DATASET

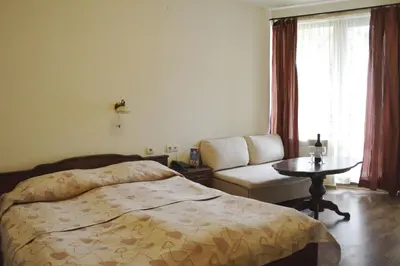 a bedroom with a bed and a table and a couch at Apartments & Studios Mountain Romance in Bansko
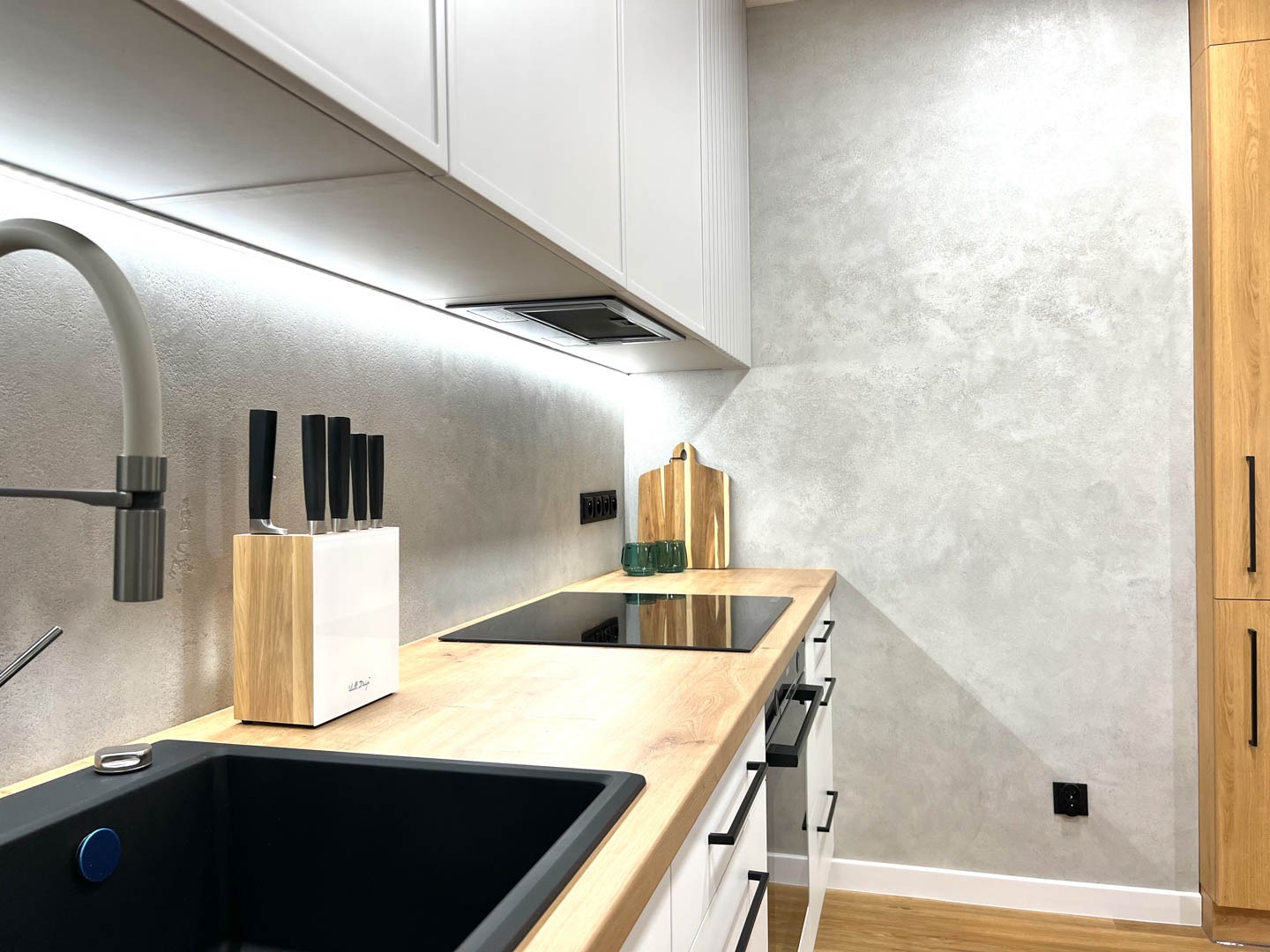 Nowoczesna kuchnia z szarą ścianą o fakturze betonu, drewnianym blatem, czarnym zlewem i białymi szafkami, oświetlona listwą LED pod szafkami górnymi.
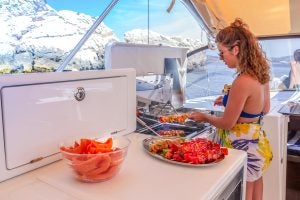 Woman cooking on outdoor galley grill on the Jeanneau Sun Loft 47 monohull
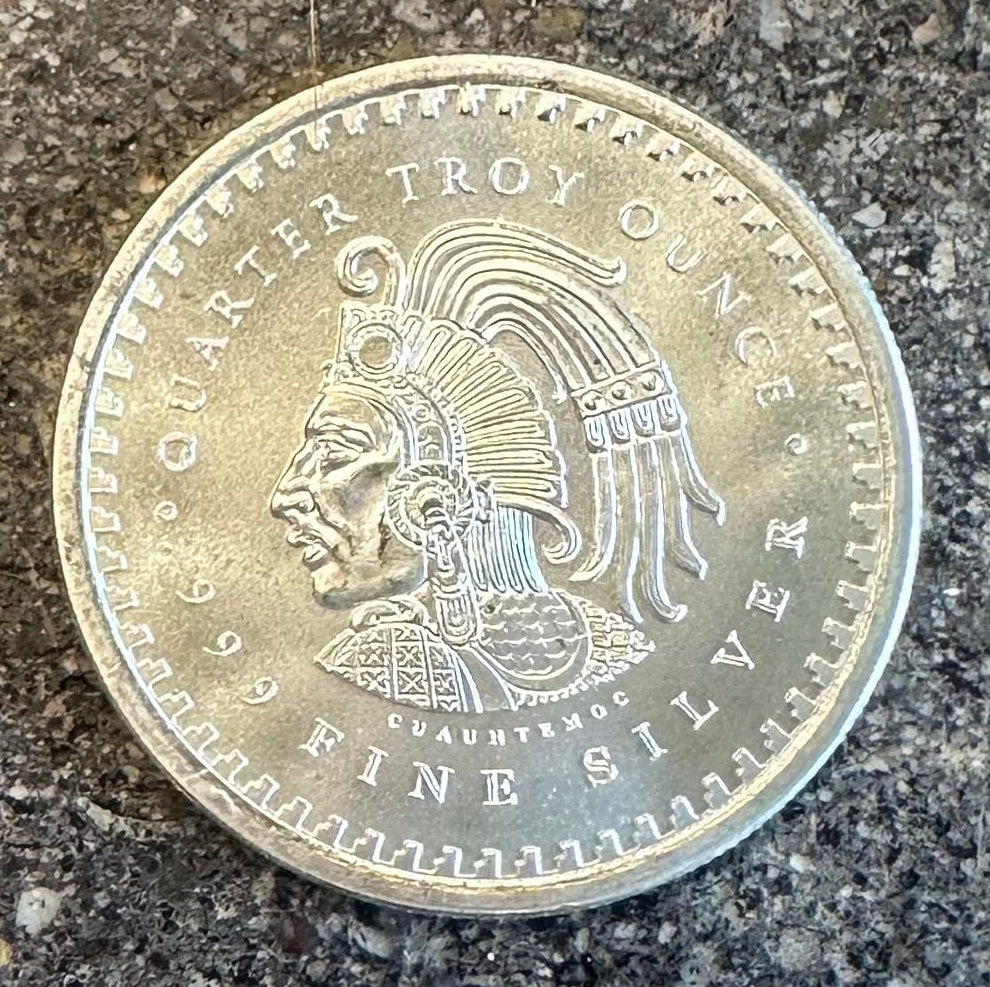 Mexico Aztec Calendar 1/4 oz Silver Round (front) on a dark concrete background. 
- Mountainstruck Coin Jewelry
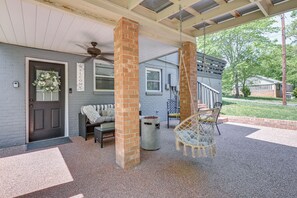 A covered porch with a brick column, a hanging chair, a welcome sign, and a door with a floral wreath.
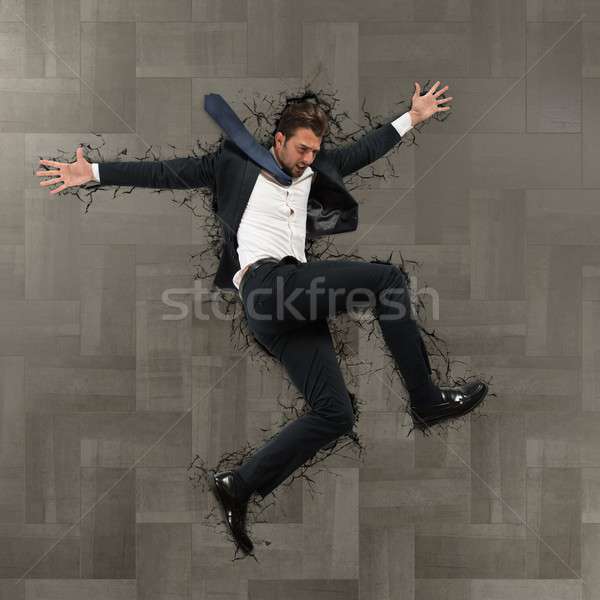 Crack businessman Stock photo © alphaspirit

TASK OBJECTIVE
Provide an exact copy of only the lines from the beginning of the entries through the line containing "Woman cooking on", both ends included, with no pictures.

OUTPUT
 a bedroom with a bed and a table and a couch at Apartments & Studios Mountain Romance in Bansko
 Nowoczesna kuchnia z szarą ścianą o fakturze betonu, drewnianym blatem, czarnym zlewem i białymi szafkami, oświetlona listwą LED pod szafkami górnymi.
 Woman cooking on outdoor galley grill on the Jeanneau Sun Loft 47 monohull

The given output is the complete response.